Enfim, construtores e operadores da paz, que começa na realização plena da reconciliação de Deus com todos em Cristo, também nós devemos dar nossa parcela de colaboração, a fim de que, realmente, o mundo seja mais pacífico e digno dos verdadeiros filhos de Deus. E o primeiro esforço na direção da pacificidade entre nós deve ser feito dentro de nossa própria casa.

Verbum Reconciliationis

Verbum Reconciliationis



Às vezes, algumas mentes preguiçosas acusam-me de escrever difícil. É verdade que, dependendo do assunto, e eu geralmente escrevo sobre teologia, nem sempre o conteúdo se demonstra de fácil compreensão. Quanto a isso, eu dou a mão à palmatória. No entanto, eu não poderia deixar de escrever no estilo e na atmosfera literária que, paulatinamente, fui elaborando com base em minhas leituras. De modo consequente, tento transmitir ao leitor aquilo que está ao nível de como consigo e permito-me expressar. Sendo a leitura um veículo de comunicação favorável ao conhecimento, não podemos dispensar-nos aos condicionamentos que emolduram o peculiar modo de percepção das verdades transmitidas no bojo da dialética. Não obstante a consideração apenas feita, brinco dizendo que para testar a capacidade de elucidação de meus textos, apresento-os a uma senhora da roça no interior de Carira, a fim de ver se, numa leitura imediata, e, portanto, sem muito tempo de reflexão, ela consegue dizer-me com suas próprias palavras, pelo menos, o núcleo expositivo do que acabara de ler. E ela, na simplicidade de sua colocação, sempre tem uma palavra compreensível e significativa quanto ao conteúdo do texto. Conclusão: seguirei o caminho na concepção enfática pela qual estabeleço com meus queridos leitores o singelo esforço de comunicação. Então, coragem!. Vamos lá, mais uma vez! Que a luminosidade do pensamento paulino ajude-nos a transpor os umbrais e as sombras das letras de sua teologia, projetando-nos na convicção de sua doutrina cristológica.
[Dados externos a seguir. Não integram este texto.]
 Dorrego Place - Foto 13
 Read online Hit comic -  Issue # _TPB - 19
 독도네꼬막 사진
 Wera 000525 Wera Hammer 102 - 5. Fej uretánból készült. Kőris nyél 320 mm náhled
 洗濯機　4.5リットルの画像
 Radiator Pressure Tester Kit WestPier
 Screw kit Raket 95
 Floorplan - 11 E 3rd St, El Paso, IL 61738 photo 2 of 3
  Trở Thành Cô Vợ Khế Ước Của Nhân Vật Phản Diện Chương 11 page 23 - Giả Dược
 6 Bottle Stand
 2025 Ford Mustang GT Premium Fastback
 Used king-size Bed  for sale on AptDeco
No coração da pregação de São Paulo, fruto de sua própria experiência pessoal com Cristo pela inundação espiritual de graças recebidas, está o fato de que Deus reconciliou o mundo consigo pela entrega generosa de seu divino Filho: “Tudo isso vem de Deus que nos reconciliou por Cristo e nos confiou o ministério da reconciliação. Pois era Deus que em Cristo reconciliava o mundo consigo, não imputando aos homens suas faltas e pondo em nós a palavra da reconciliação [verbum reconciliationis]. Sendo assim, em nome de Cristo exercemos a função de embaixadores e por nosso intermédio é Deus mesmo que vos exorta. Em nome de Cristo, suplicamos: deixai-vos reconciliar com Deus. Aquele que não conhecera o pecado, Deus o fez pecado por causa de nós, a fim de que, por ele, nos tornemos justiça de Deus” (2Cor 5,18-19).
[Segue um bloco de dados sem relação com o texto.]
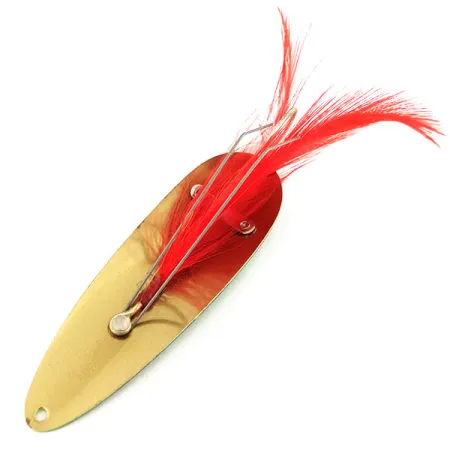 Vintage Eppinger Weedless Dardevle , 1oz fishing spoon #9611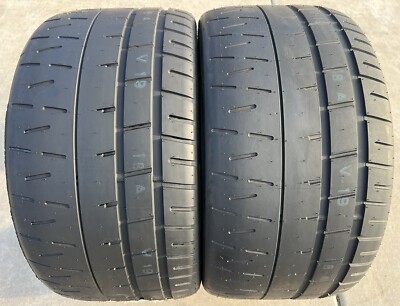TWO BRAND NEW 305/30ZR20 103Y Pirelli P Zero Trofeo R Tires Like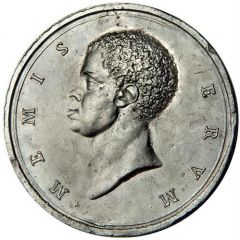 Medal - Abolition of the Slave Trade
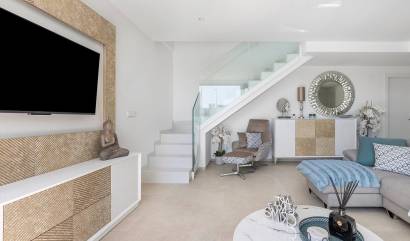 Nouvelle construction - Villa - San Javier - Parque de los leones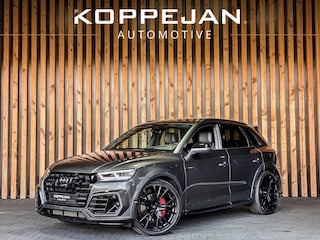 Audi Q5 ABT WIDEBODY 3.0 TFSI 354PK Quattro | PANO | B&O | MATRIX | CARBON | STANDKACHEL | HEAD-UP |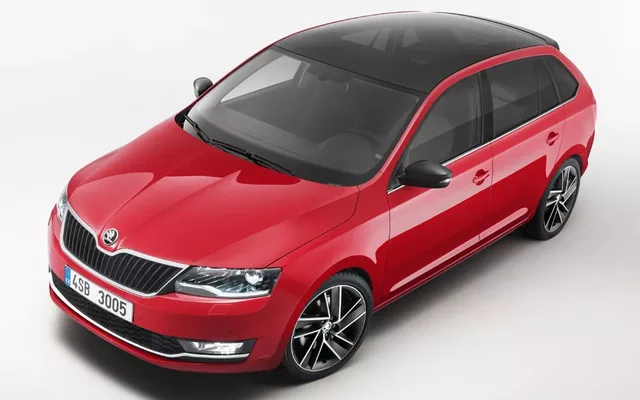 SKODA Spaceback Spaceback 1.4 TSI Ambition DSG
Falar de “reconciliação”, sobretudo, quando o nosso coração está cheio de ressentimentos, não é tarefa fácil. Mas, temos de fazer o esforço, de modo especial, pensando no peso da atitude concreta que desfaz os laços da perversidade dos sentimentos mesquinhos que carregamos em nossas ações. Essa seria a primeira e legítima dimensão do que poderíamos entender por “reconciliação”. Porém, não se trata apenas do “ato ou efeito de reconciliar-se” como quando alguém “reata uma amizade”. Mais do que isso – embora haja uma coincidência de vocabulário – o significado teológico e cristocêntrico a que São Paulo se refere sobre o tema da “reconciliação”, vai além do aparentemente perceptível. Infelizmente, a pobreza de nossa terminologia nem sempre abre as janelas do conhecimento para o valor extenso do alcance do seu conteúdo, pois dentro do horizonte paulino no que concerne ao tema da “reconciliação”, está presente todo o mistério da salvação encerrado na Encarnação de Cristo. Somente ele pode reconciliar-nos com Deus, o seu Pai, o Pai de todos nós. Através dessa reconciliação, graça e paz são-nos concedidas abundantemente. A passos largos, Deus mesmo prepara a humanidade para receber o toque definitivo de seu amor reconciliador. Cristo é a manifestação plena desse amor, aos olhos humanos, desconcertante. Assim, “Deus demonstra seu amor para conosco pelo fato de Cristo ter morrido por nós quando éramos ainda pecadores” (Rm 5,8). Com efeito, se o afastamento de Deus pelo pecado da desobediência quebrou a imagem do homem na sua essência divina e espiritual, Cristo veio justamente para refazer as rachaduras dessa imagem, ligando-as pela perfeição de sua humanidade. Sendo “verdadeiro Deus e verdadeiro homem”, ele resgata a integridade originária pelo dom de sua graça divina estendida sobre a natureza humana.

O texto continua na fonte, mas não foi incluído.